1. Expansion of the money supply by the Federal Reserve during the 1920's
According to the Austrian School of economics, the Great Depression was mainly caused by the expansion of the money supply by the Federal Reserve in the 1920's that led to an unsustainable credit driven boom. Both Friedrich Hayek and Ludwig von Mises predicted an economic collapse in early 1929. In the Austrian view it was this inflation of the money supply that led to an unsustainable boom in both asset prices (stocks and bonds) and capital goods. Ben Strong, the head of the Federal Reserve, attempted to help Britain by keeping interest rates low and the USD weak versus the Pound. The artificially low interest rates led to over investment in textiles, farming and autos. In 1927 he lowered rates yet again leading to a speculative frenzy leading up to the Great Crash. By the time the Federal Reserve belatedly tightened in 1929, it was far too late and, in the Austrian view, a depression was inevitable. The artificial interference in the economy was a disaster prior to the Depression, and government efforts to prop up the economy after the crash of 1929 only made things worse. According to Murray Rothbard, government intervention delayed the market's adjustment and made the road to complete recovery more difficult.
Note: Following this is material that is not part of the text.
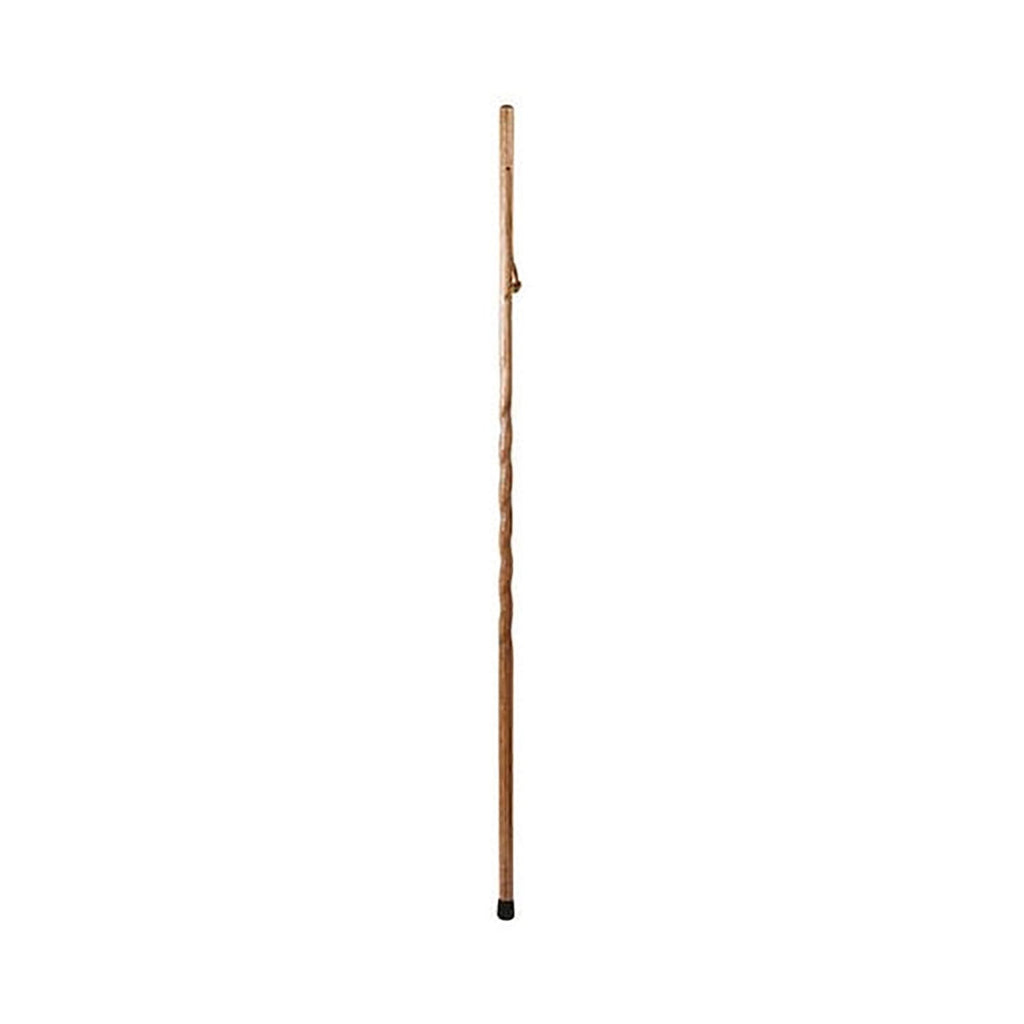 BrazosÂª Oak Hiking Staff, 55-Inch Height, Brown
Alan Greenspan reduced interest rates to 1% for over a year in 2003. This act led to a speculative frenzy in real estate, $3 trillion of equity withdrawal by consumers and tremendous overconsumption built upon a foundation of debt. This speculative frenzy was exacerbated by the "Masters of the Universe" on Wall Street with their CDOs, MBSs, and other magic potions that made bad loans appear good. The Bush administration's decision to not enforce any existing oversight of the banks also contributed greatly to the current situation. Realistically, the current conditions are worse than they were prior to the Great Depression based on the speculation that has occurred in the last eight years in stocks and real estate. Debt as a percentage of GDP is now 356% versus 260% prior to the Crash of 1929.